Putin oder Chronik einer perfekten Inszenierung… ?von Susanne Schattenberg„Nun ist mir alles klar geworden“, zitierte am Dienstag, den 10. März, der Nachrichtenmoderator des russischen staatlichen Ersten Fernsehens, Kirill Klemjonow, nicht ohne spöttischen Unterton die populäre russische Schnulze „Gespräch mit dem Glück“. Tatsächlich hatte das Rätselraten bei der Zweiten Lesung in der Staatsduma ein Ende, zu welchem Zweck Russlands Präsident Wladimir Putin am 15. Januar, für alle vollkommen unerwartet, eine Verfassungsreform angekündigt hatte.

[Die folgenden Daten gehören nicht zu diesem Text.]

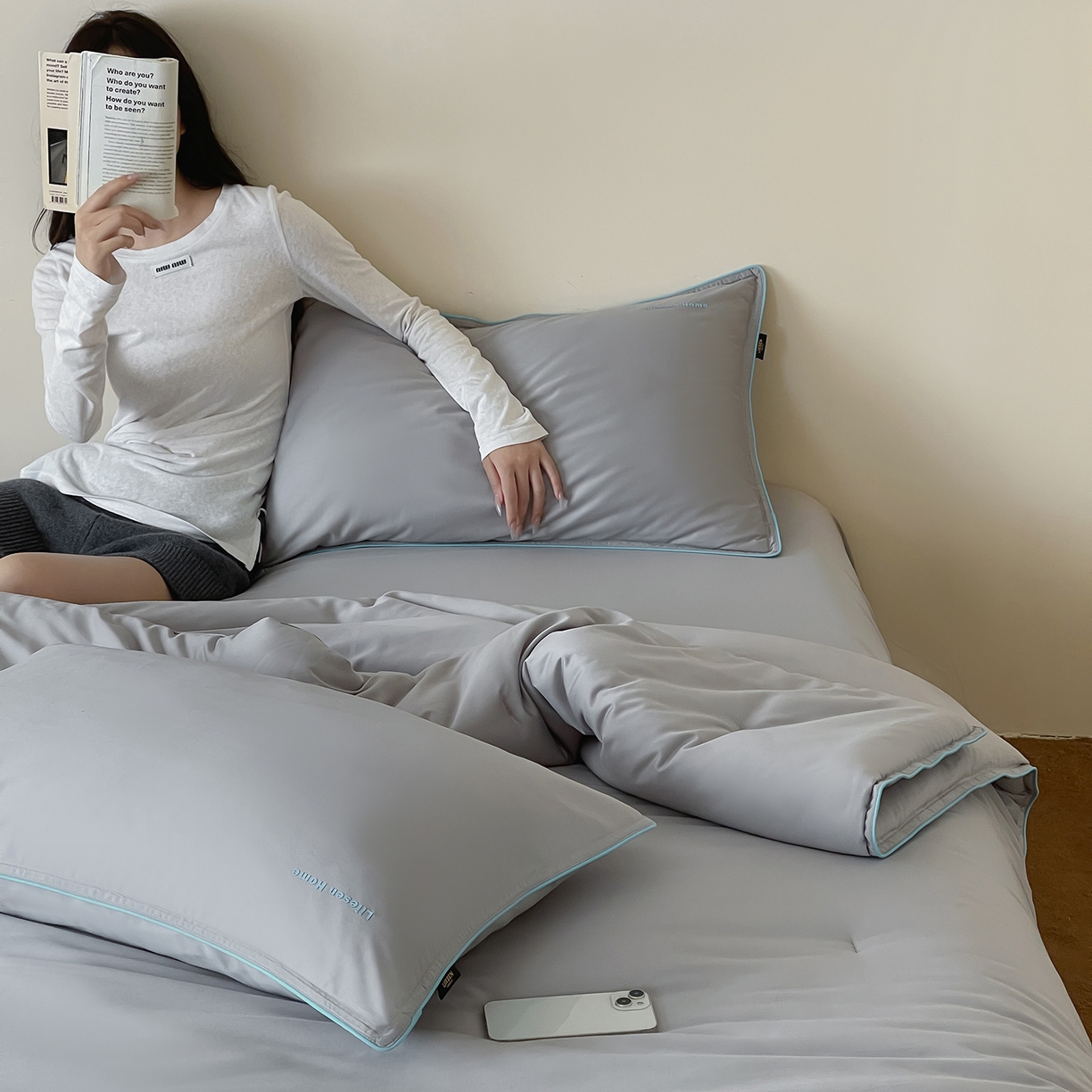 91家纺网 家纺一手货源 找家纺 丽笙被芯 2025新款秋冬亲肤舒适80S超细旦天丝棉微磨毛素色可水洗懒人被-场景二 鸽子灰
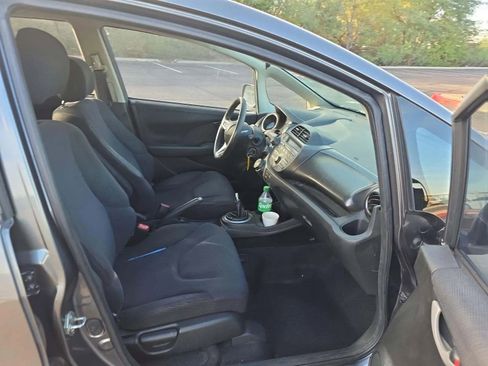 Used 2013 Honda Fit Sport image 12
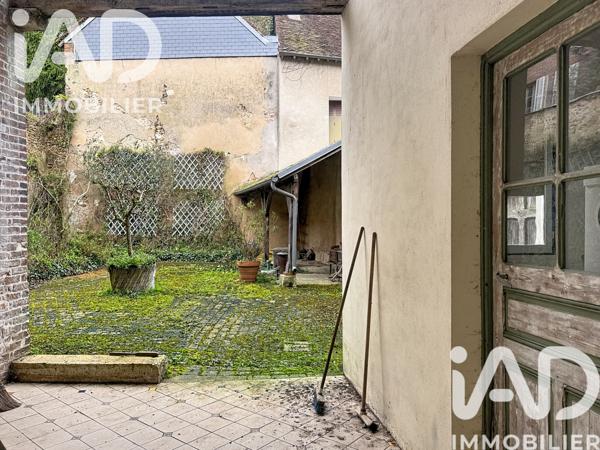 Maison à vendre 12 pièces 304 m² Château-Renard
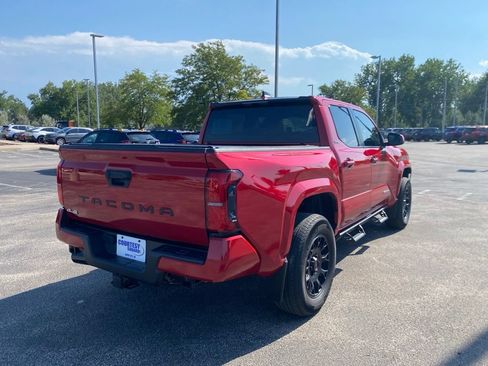 Used 2024 Toyota Tacoma SR5 AWD/4WD image 8
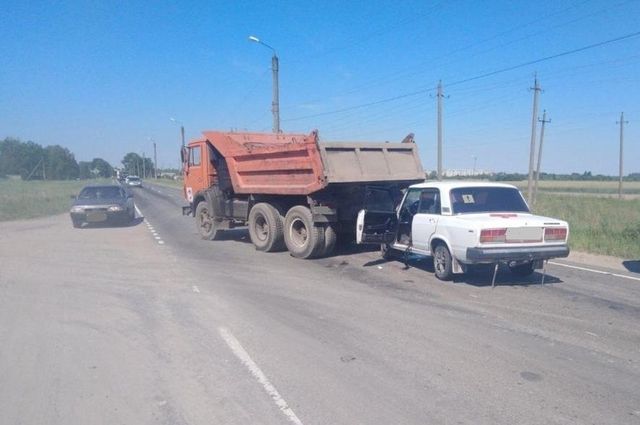 Женщина попала в больницу с разрывом почки после аварии в Новозыбкове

Seitdem fragten sich alle – Expert*innen, die Bevölkerung, Journalist*innen, Russland und die ganze Welt – wozu? Die Katze aus dem Sack ließ niemand Geringeres als Valentina Tereschkowa, erste Frau im Weltall, Stolz der Sowjetunion, Aushängeschild des neuen Russlands, Mitglied in der vom Präsidenten eingerichteten Arbeitsgruppe zur Prüfung der eingehenden Vorschläge zur Änderung der Verfassung. Sie trat als letzte ans Rednerpult und formulierte: Das Volk „beschäftige und beunruhige“ die Frage, was nach dem Jahr 2024 sein werde, also nach Putins jetziger vierten und nach gültiger Rechtslage letzten Amtszeit. Tereschkowa fuhr fort, warum man denn dann nicht einfach die Beschränkung der Amtszeiten aufhebe beziehungsweise angesichts der Neudefinition des Präsidentenamts seine Amtszeiten wieder auf Null setzt, wenn das doch ohnehin alle für das Beste hielten.
„Obnulenie“
„Obnulenie“ - wörtlich: Aufnullsetzung ist also das Zauberwort der Stunde. Damit begann die perfekte Choreographie eines dramatischen Nachmittags in Moskau, denn sogleich schlug der Parlamentspräsident Wjatschelaw Wolodin vor, die Sitzung zu unterbrechen, um Putin zu unterrichten und dazu zu befragen. Man fragt sich, warum eigentlich? Warum erscheint es selbstverständlich, dass das Parlament, die gesetzgebende Instanz, erst artig dem Präsidenten vorlegt, was es da beschließen will? Doch diese Frage stellte am Dienstag niemand. Sie war im Drehbuch auch nicht vorgesehen. Man informierte Putin, der sofort medienwirksam herbeieilte und bekundete, er habe nichts gegen eine solche Änderung in der Verfassung, allerdings nur unter einer Bedingung: wenn das Volk dem zustimme. Und damit wurde wirklich alles klar: wozu sowohl die Reform als auch die am 22. April angekündigte Volksbefragung dient. Auch wenn gleich am nächsten Tag bestritten wurde, dass dies eine von langer Hand vorbereitete Inszenierung war, spricht alles dafür: Vor Tereschkowas Auftritt fehlte das Herzstück der Reform, gaben die bekanntgegebenen Mosaiksteine kein ganzes Bild, erschien auch die Volksabstimmung überflüssig, da das gesetzliche Verfahren genau drei Stufen vorsieht: Zweidrittelmehrheit der Duma, Zustimmung des Föderationsrates und von zwei Dritteln der Regionalparlamente. Putin löste am 10. März auch dieses Rätsel: die Verfassungsorgane stimmen über die Verfassung ab – und das Volk über Putin.